The invention discloses a preparation method of 19 hydroxylated cortodoxone derivative and 19-hydroxy-4-androsten-3,17-dione, and belongs to the fields of organic synthesis and pharmacy. The preparation method provided by the invention comprises the following steps: using 19-hydroxy-cotondoxone as a raw material; performing at least one of the following reactions among 19-hydroxy-cotondoxone underrespective actions of hydrogen peroxide, trimethyl iodosilane, palladium on activated carbon, 2,3-dichloro-5,6-dicyano-1,4-benzoquinone, iodobenzene oxide, sodium borohydride, sodium periodate and other reagents: performing structural modification on a ring A and a ring B of 19 hydroxylated cortodoxone, substituting 17, 21 and / or 19 hydroxyl with substituents, and excising a side chain of 19 hydroxylated cortodoxone. The preparation method provided by the invention greatly improves preparation efficiency of an essential intermediate 19-hydroxy-4-androsten-3,17-dione for synthesizing norethindrone contraceptives, and reduces production costs of medicines.

The invention belongs to the technical field of preparation of steroid hormone drugs, and particularly relates to a preparation method of 1alpha-hydroxyl dehydroepiandrosterone, which comprises the following steps of by taking a compound I (1, 4-androstenedione) as a raw material, sequentially carrying out ketalation reaction, transposition reaction, epoxy reaction and reduction hydrolysis reaction to obtain a target product V (1alpha-hydroxyl dehydroepiandrosterone). The problems of high technical requirements for removing isomers, difficulty in separation, low yield and the like in the prior art can be effectively solved.

The invention discloses a high-efficiency Δ 9,11 A preparation method of canrenone belongs to the technical field of preparation of intermediates of medicines. The method is based on 9α-hydroxy-4-androstenedione as a raw material, and the 9-position hydroxyl group is first eliminated by dehydration reaction to generate Δ 9,11 Double bond, then protect the 3-position carbonyl group, then epoxidize the 17-position carbonyl group, and condense with malonic acid diester to form a lactone ring, and obtain Δ after oxidative decarboxylation or decarboxylation oxidation reaction 9,11 ‑Canrenone, the raw materials of the method of the present invention are cheap and easy to obtain, the cost is low, the reaction products involved in each step are easy to purify, and the total mass yield of the final product is higher than 80%. The method of the present invention has strong operability and extremely high commercial Competitive, suitable for industrialized large-scale production, and has good economic benefits.
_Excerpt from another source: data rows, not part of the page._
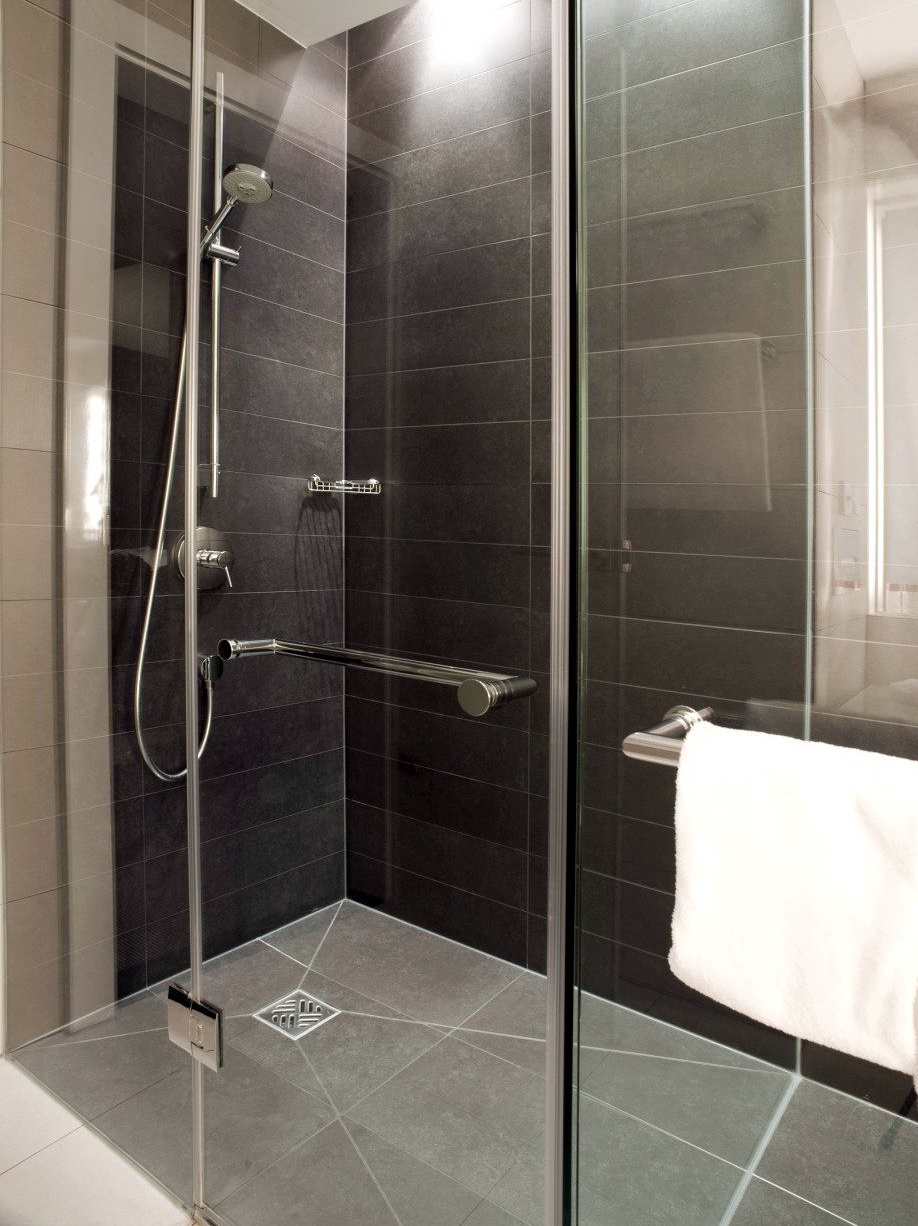 Стеклянные шторы для ванной: как выбрать и установить?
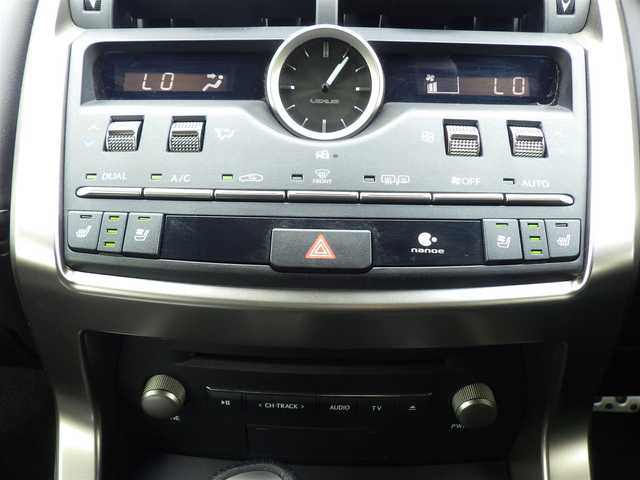 レクサス ＮＸ 300 Fスポーツ 千葉県 2018(平30)年 4万km ホワイトノーヴァガラスフレーク 235/55R18/Lexus Safety System+/・プリクラッシュセーフティ/・レーンディパーチャーアラート/・オートハイビーム/・レーダークルーズコントロール/・ブラインドスポットモニター/パワーバックドア/レザーシート/前席パワーシート/エアシート/シートヒーター/純正SDナビ/地デジTV/【DVD/CD再生機能　Bluetooth接続】/パノラミックビューモニター/ドライブレコーダー（前後撮影）/革巻きステアリング/ステアリングスイッチ/ステアリングヒーター/ETC（2.0）/LEDヘッドライト/ウインカーミラー/クリアランスソナー/純正18インチアルミホイル/サイド/カーテンエアバッグ/スマートキー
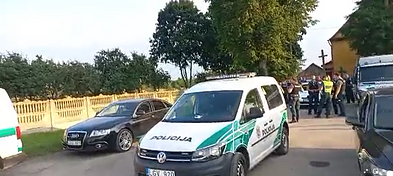 Rūdninkų poligone ruošiantis apgyvendinti migrantus, blokuojamas patekimas į teritoriją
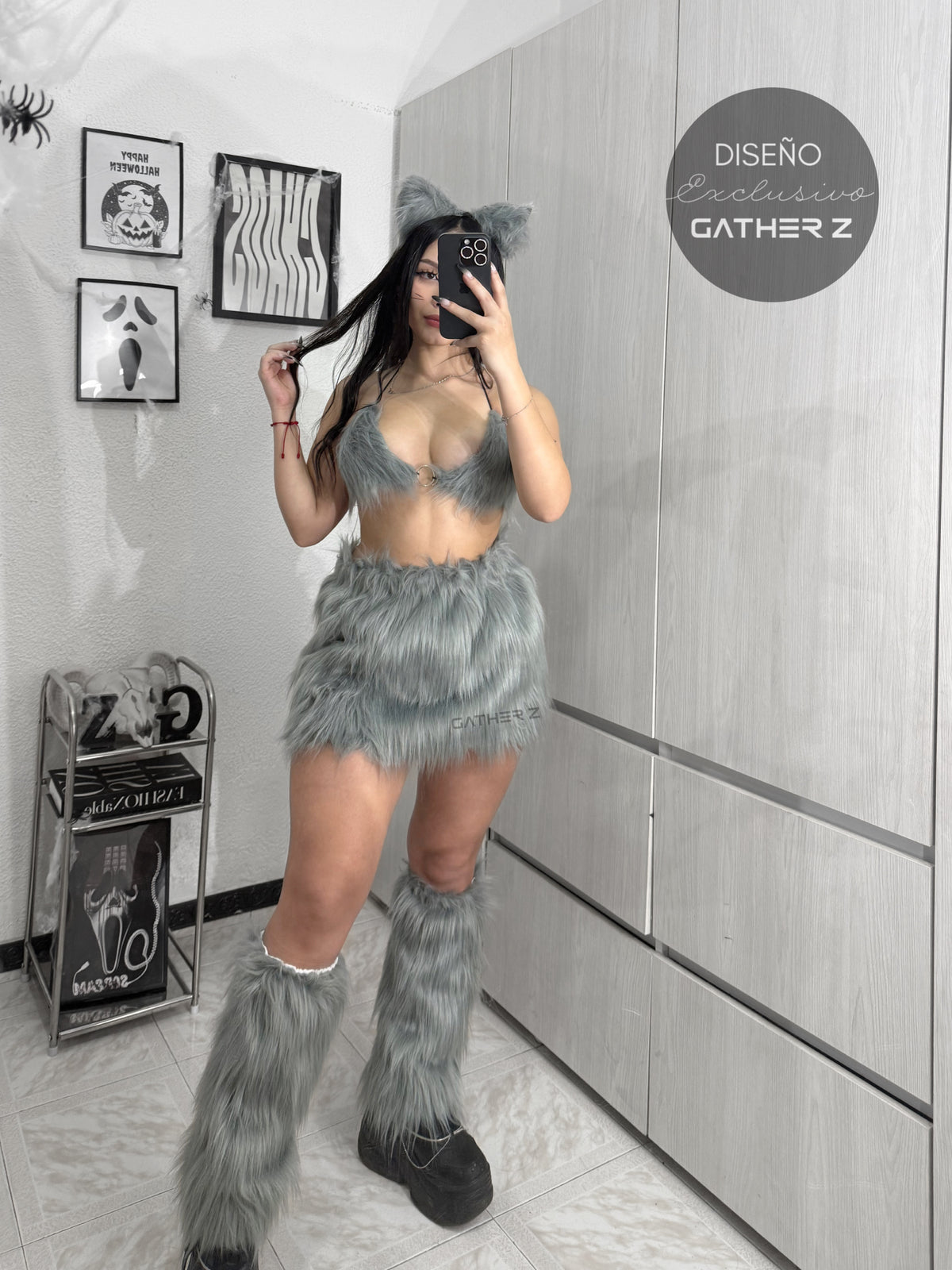 Disfraz de loba diseño exclusivo GZ (orejas,top,falda,polainas)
The invention relates to a method for preparing epiandrosterone by taking androstenedione as a raw material, and a target product epiandrosterone is obtained through the four-step reactions of a 3-carbonyl alkene esterification reaction, a 17-carbonyl ketal protective reaction, a hydrolysis and palladium carbon catalytic reduction reaction and an acid hydrolysis reaction of androstenedione. Compared with the existing synthesis method, the source of the raw material of the method is rich, the price is low, the synthesis condition is mild, the reduction effect of a catalyst is good, the yield ishigh, the production cost is relatively low, and the method is suitable for industrial production.

The invention discloses a method for preparing progesterone by taking 1,4-androstenedione as a raw material, which comprises the following steps: 1) dissolving 1,4-androstenedione into an organic solvent, adding the acid of trimethyl orthoformate or triethyl orthoformate, and introducing nitrogen to protect the 1,4-androstenedione to synthesize the enol ether of 1,4-androstenedione, namely 3-methoxy-androstane 3,5-diene-20-ketone; and 2) dispersing (1-methoxy ethyl)-triphenylphosphine salt in a reaction medium, an organic solvent, adding alkali at low temperature, performing a Wittig reaction of the 3-methoxy-androstane 3,5-diene-20-ketone synthesized in the step 1), and purifying and crystallizing to obtain progesterone. By adopting the 1,4-androstenedione as the raw material, the method solves the problem that of lack in raw materials for synthesizing steroid drugs such as progesterone, and improves the utilization rate of 1,4-androstenedione and the yield of progesterone; the preparation process is simple.